Commercial International Bank or CIB (البنك التجارى الدولى) is a major Egyptian bank, between the big five banks. Founded in 1975, it is considered one of the largest banks in the Egyptian private sector.

==History==
The Commercial International Bank was established in 1975, with joint ownership by National Bank of Egypt (51%) and Chase Manhattan Bank (49%) under the name "Chase National Bank of Egypt".

In 1987, after Chase Bank's decision to sell its share of the shares, the National Bank of Egypt established an increasing in its stake to 99.9%, and the bank's name was changed to "Commercial International Bank – Egypt." The National Bank of Egypt's share continued to decline through several public offerings, to reach 18.7%.

In 2006, a consortium led by Ripplewood Holdings acquired the share of the National Bank of Egypt. In July 2009, Actis purchased a 9.1% stake in Commercial International Bank, thus becoming the largest single shareholder in the bank's capital.

In March 2014, Actis sold part of its stake in the bank amounting to 2.6%. The sale was made through the Egyptian Stock Exchange to a group of several portfolio managers and international investment funds.

In May of the same year, Actis sold its remaining 6.5% stake in the bank's capital to Fairfax Holding Company for Financial Services, and in late 2015 the Commercial International Bank acquired the shares of Citibank – Egypt through the Egyptian Stock Exchange and included all of its branches in its management.

in April 2022 ADQ — one of Abu Dhabi's sovereign funds acquired a stake in the bank worth $911.457m.

CIB was ranked 28th on Forbes Middle East's 30 Most Valuable Banks 2025 list.
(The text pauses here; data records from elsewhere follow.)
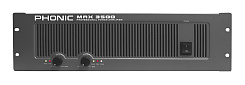 Усилитель мощности Phonic MAX 3500
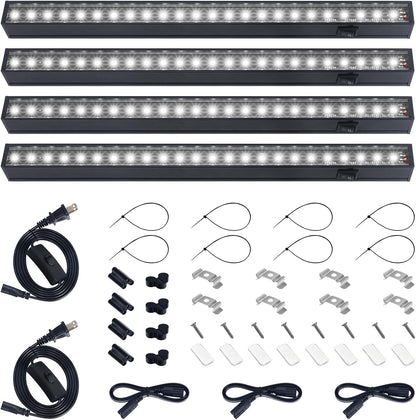 Grow Light For Indoor Plants | Full Spectrum Bar encalife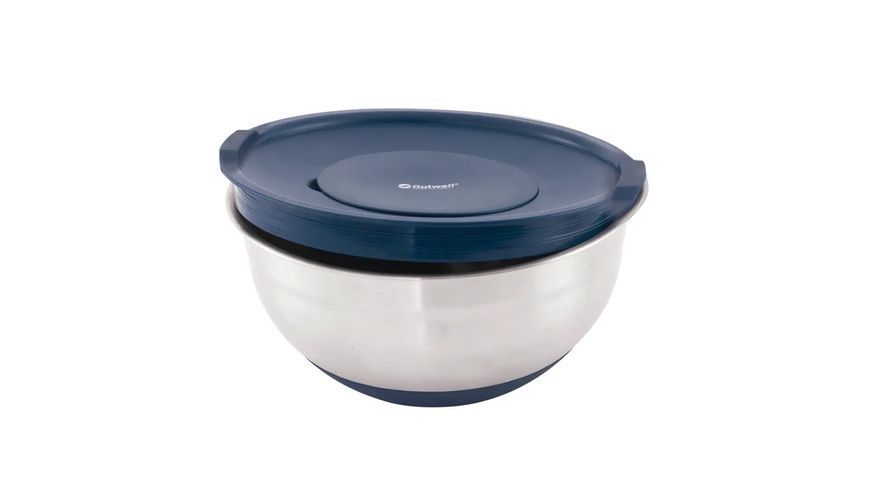 Набір мисок для кемпінгу Outwell Chef Bowl Set with Lids and Graters 651173 фото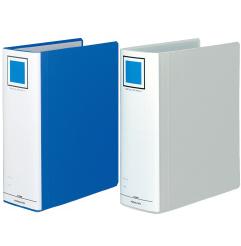 Rakuten - [コクヨ]チューブファイル【エコツインR】A4縦　90mmとじ 2穴 1箱10冊入フ-RT690B・C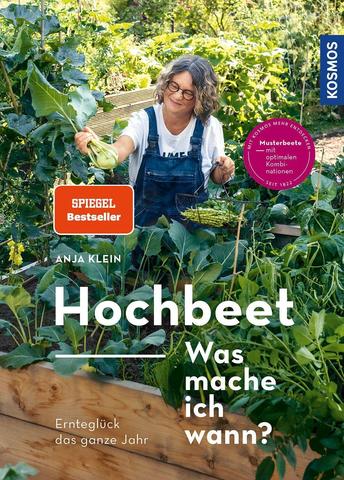 Praktische Checklisten für alle Arbeiten im Hochbeet Praktische Checklisten für alle Arbeiten im Hochbeet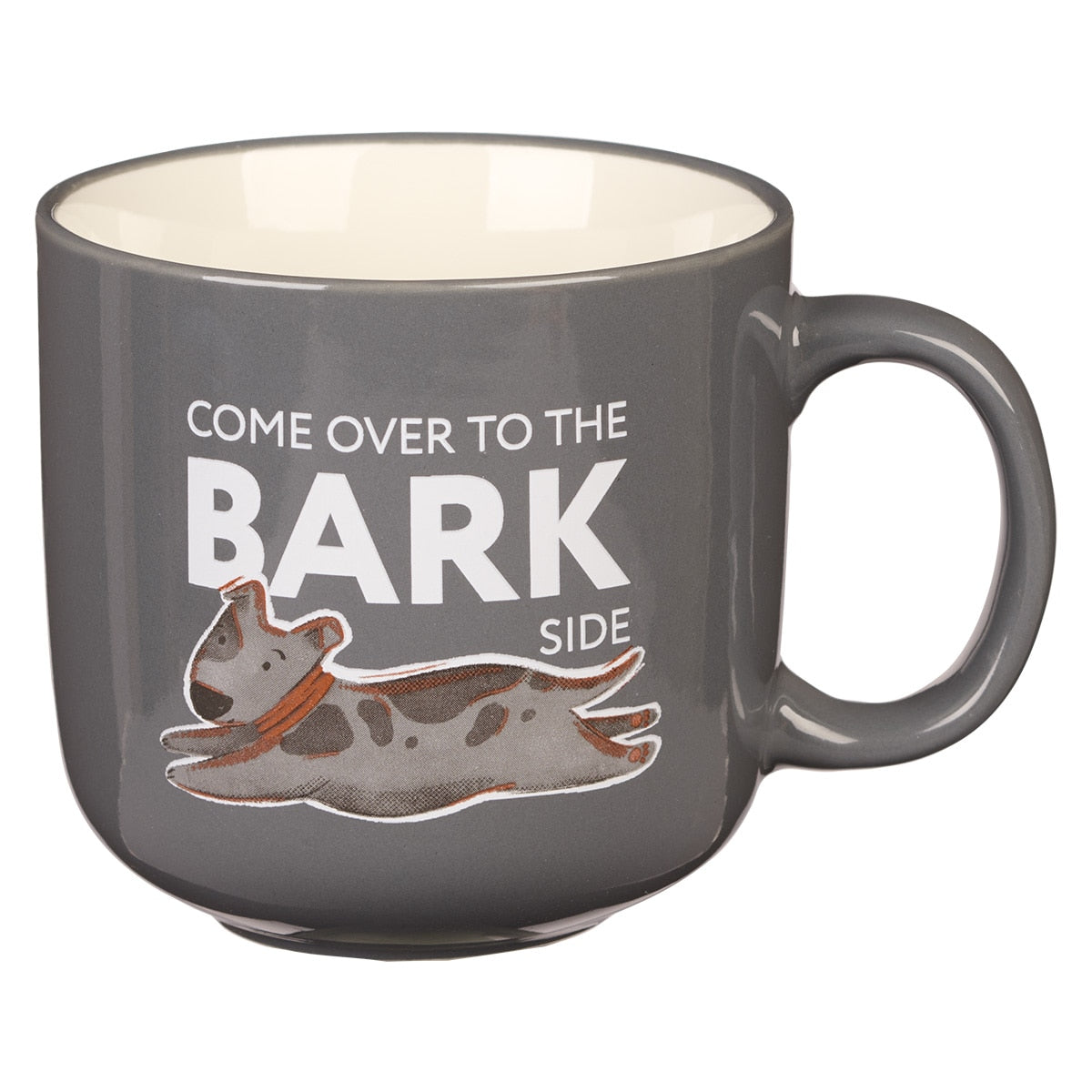 Mug Bark Side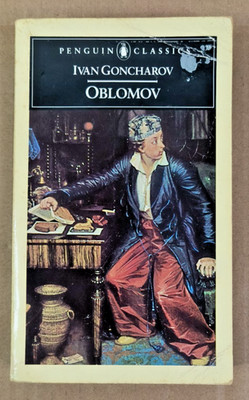 Ivan Goncharov, Oblomov, Paperback 1988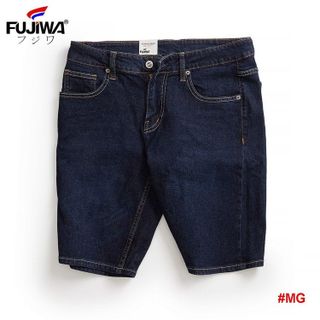 No. 1 - Quần Short Jeans Nam FUJIWASH - 4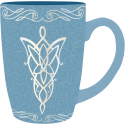 Tazza in ceramica Lord of the Rings Elven Elfi Mug 400 ml ABYstyle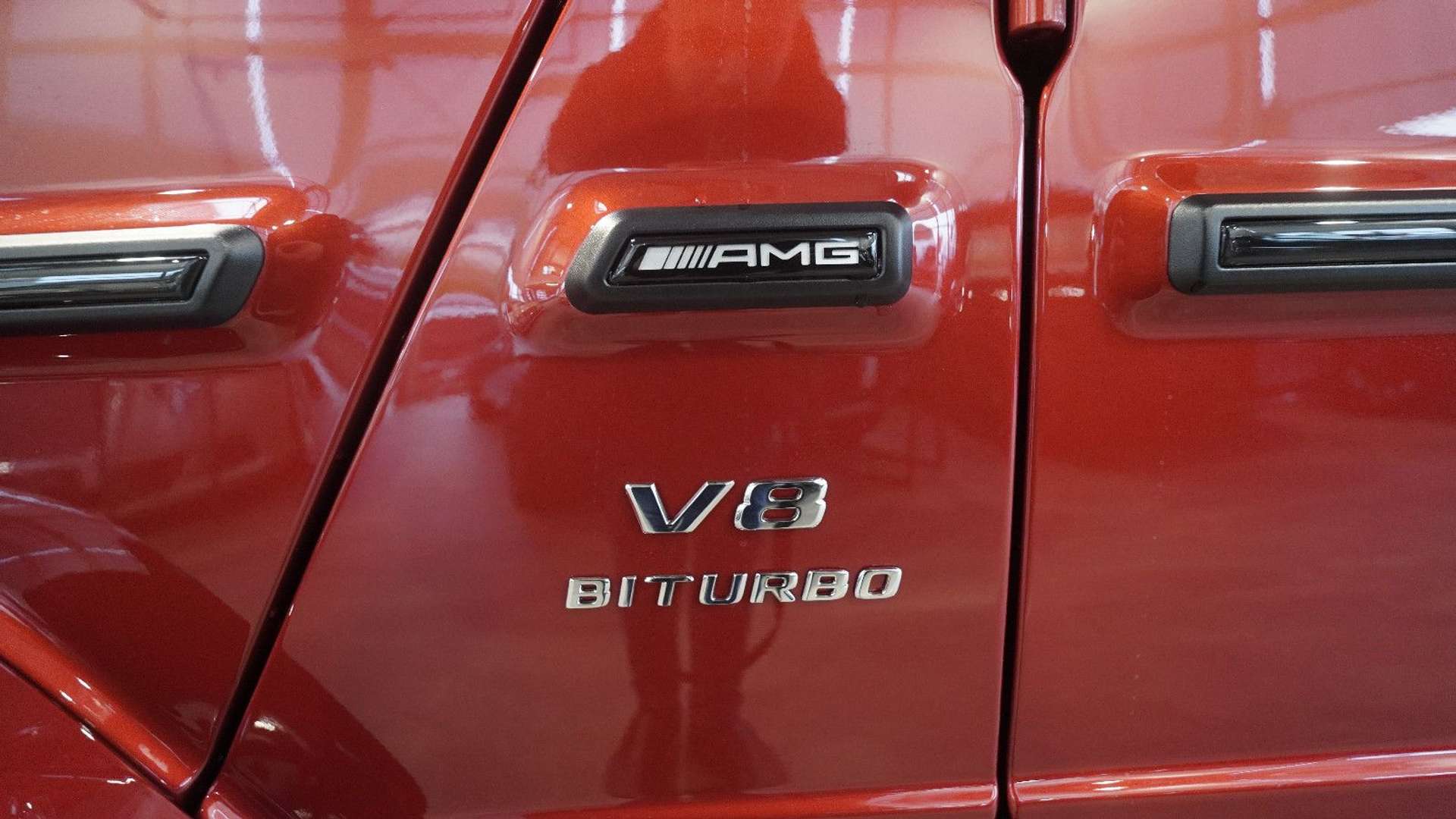 Mercedes G 63 AMG 63 AMG Line - 2025 - Joinsteer - #33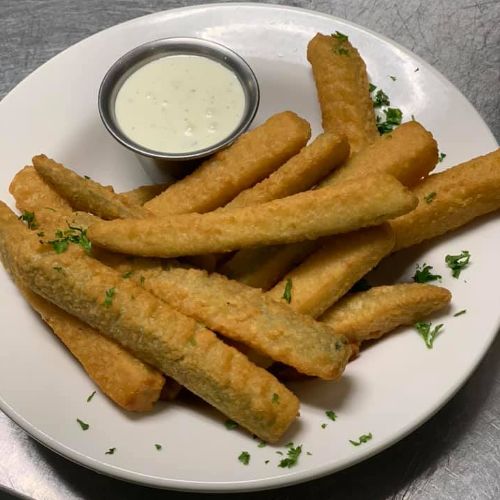 Zucchini Fries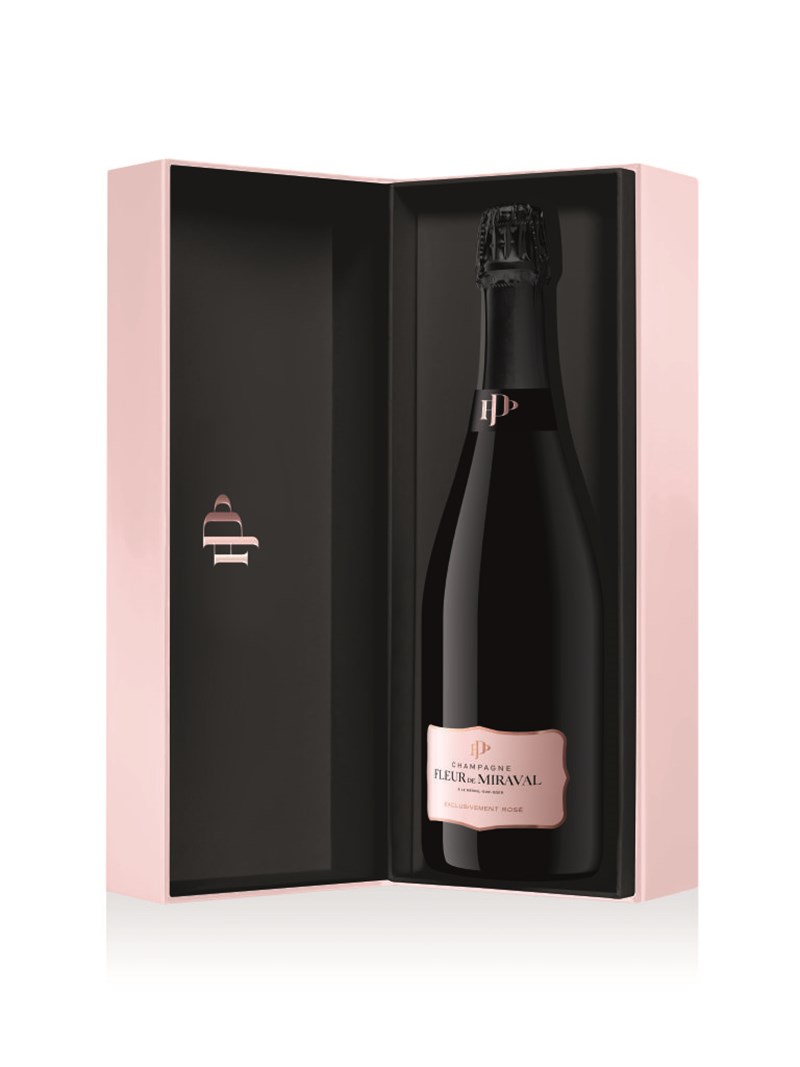 ΣΑΜΠΑΝΙΑ ΜΠΡΑΝΤ ΠΙΤ FLEUR DE MIRAVAL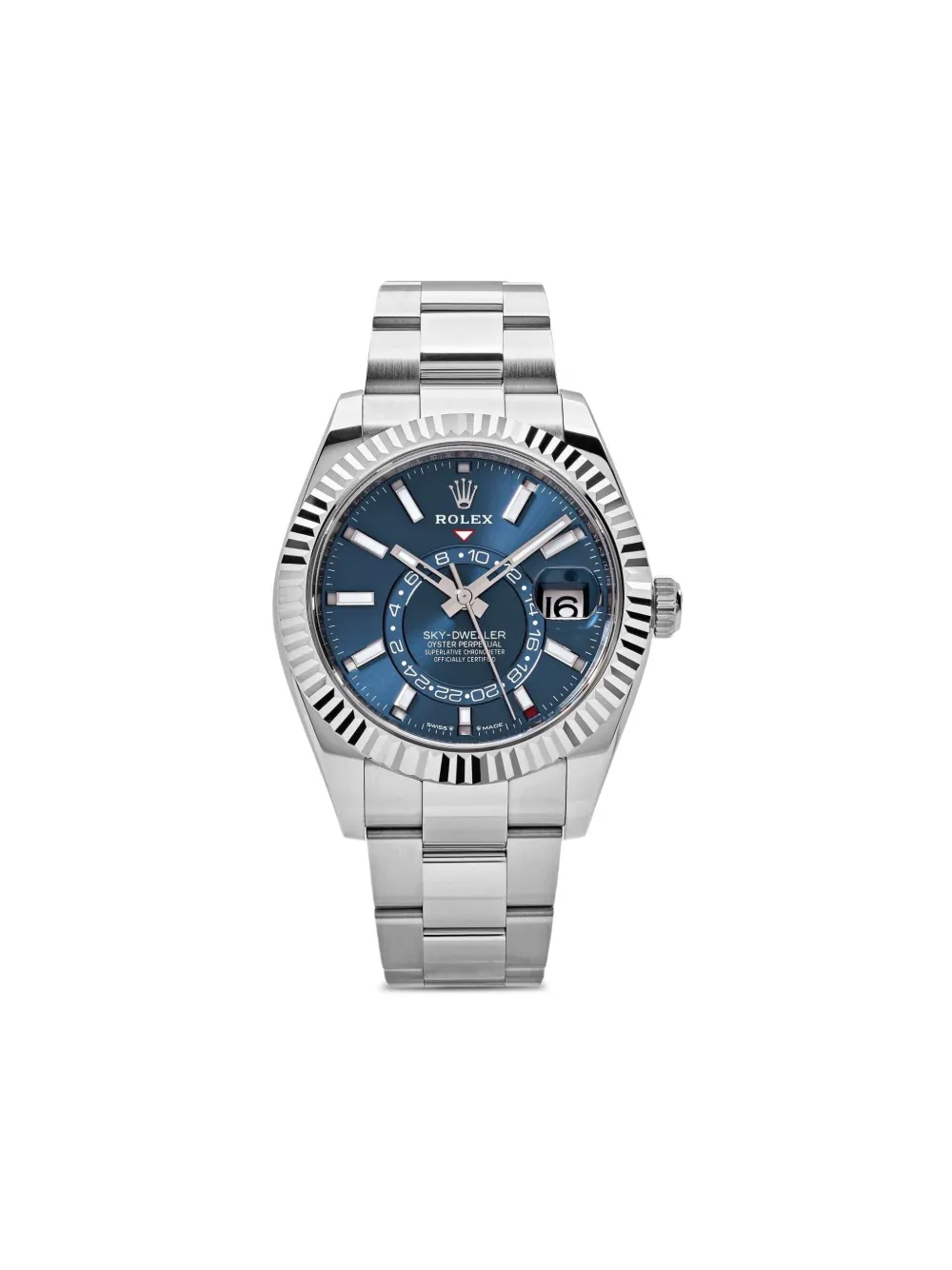 Rolex 2025 Sky-Dweller 42mm - Blu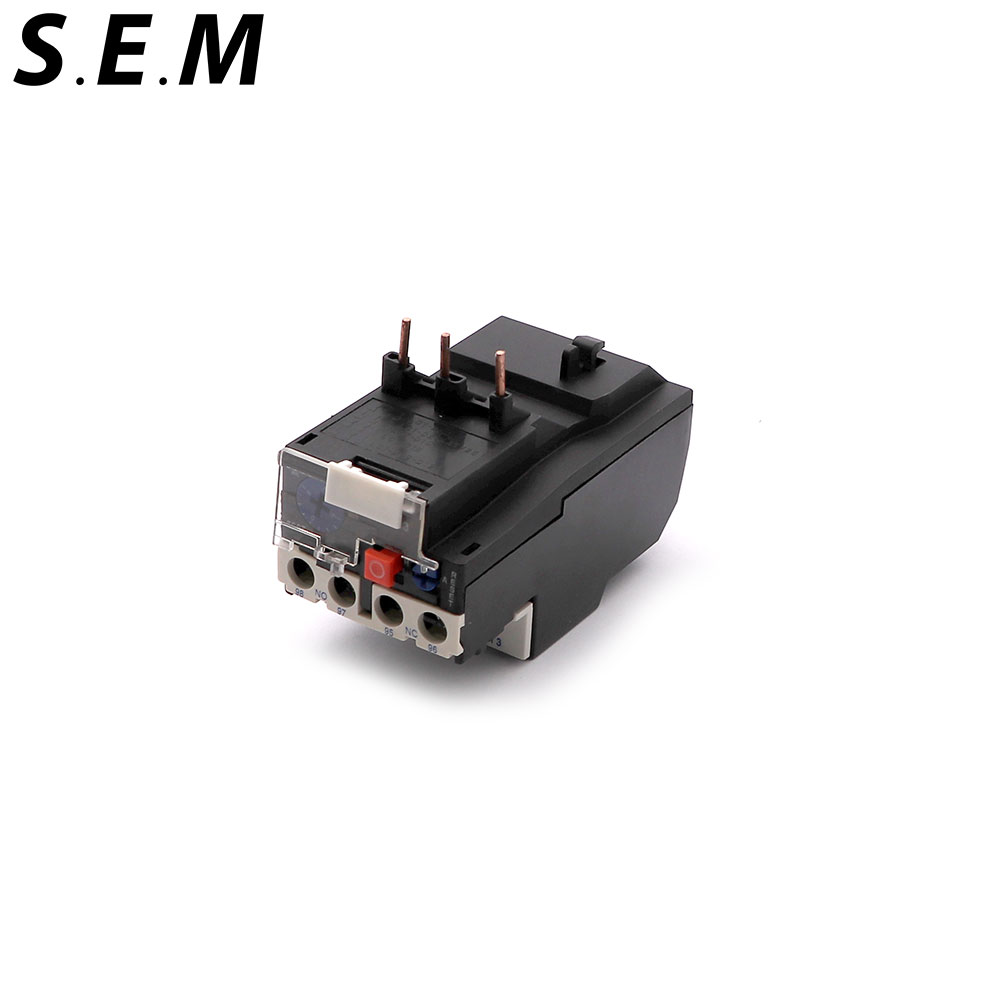Contactor | Thermal Overload | 4~6A | LR2 | SEM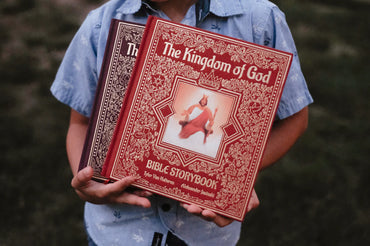 The Kingdom of God - Bible Storybook Box Set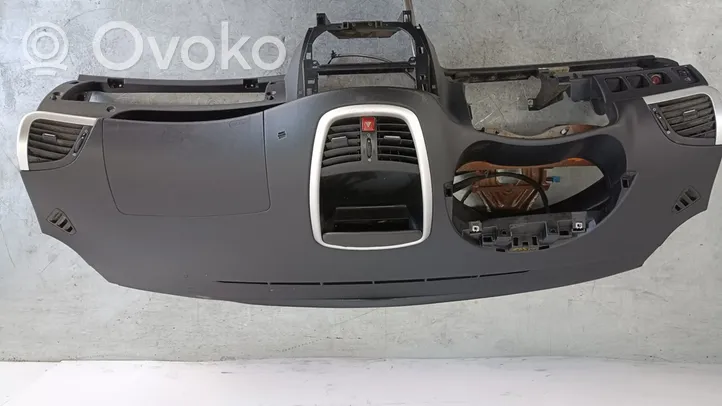 Peugeot 206+ Kit airbag avec panneau 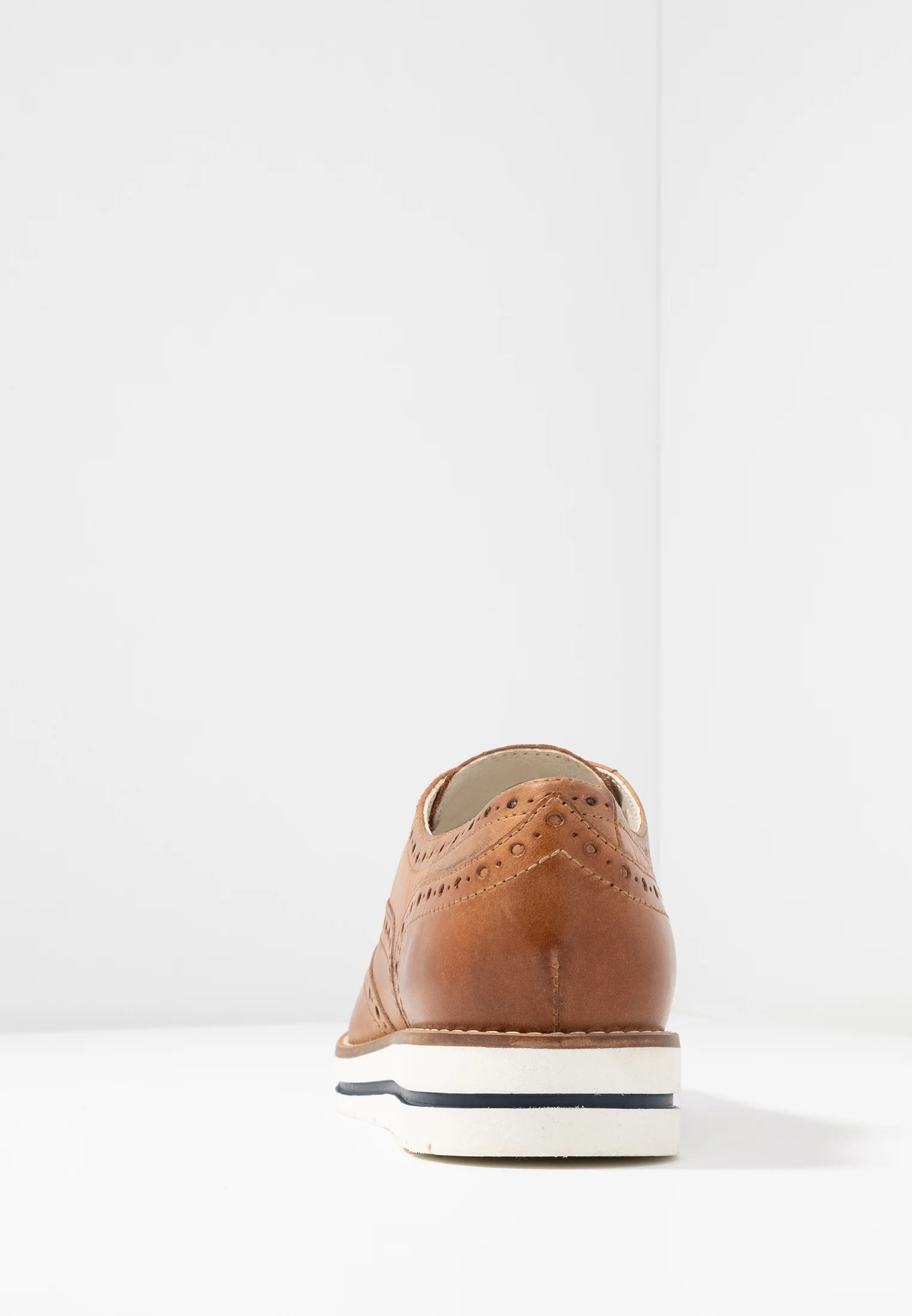 Anna Field LEATHER - Zapatos deportivos con cordones
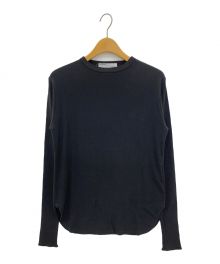 L'appartement（アパルトモン）の古着「RIB LONGSLEEVE T SHIRT」｜ブラック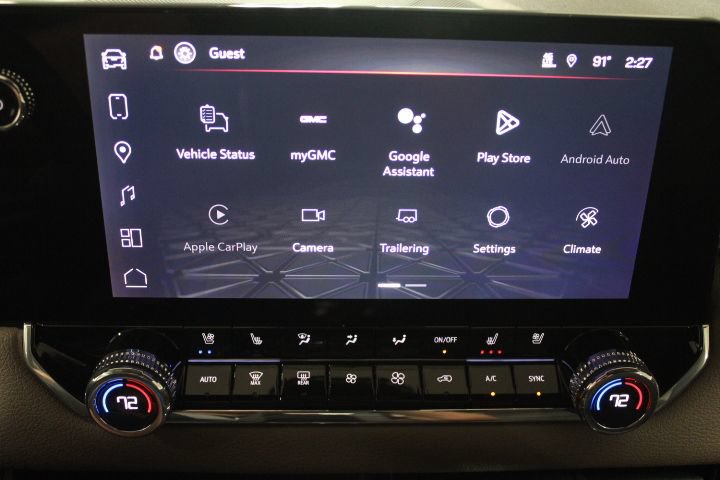 New 2026 GMC Canyon Denali AWD/4WD image 50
It also ranked 45th on Forbes Middle East's Top 100 Listed Companies 2025 list.

== International operations ==

- KEN: On December 3, 2019, it was announced that Commercial International Bank (CIB) intended to acquire Mayfair Bank. In April 2020, after obtaining approval from regulatory authorities and shareholders in Nairobi and Cairo, CIB paid US$35 million to acquire 51% of Mayfair Bank's share capital. In January 2023, CIB Egypt acquired the remaining 49% of the bank's share capital. Since then, the bank has changed its name to CIB Kenya, succeeding Mayfair CIB Bank Kenya Limited.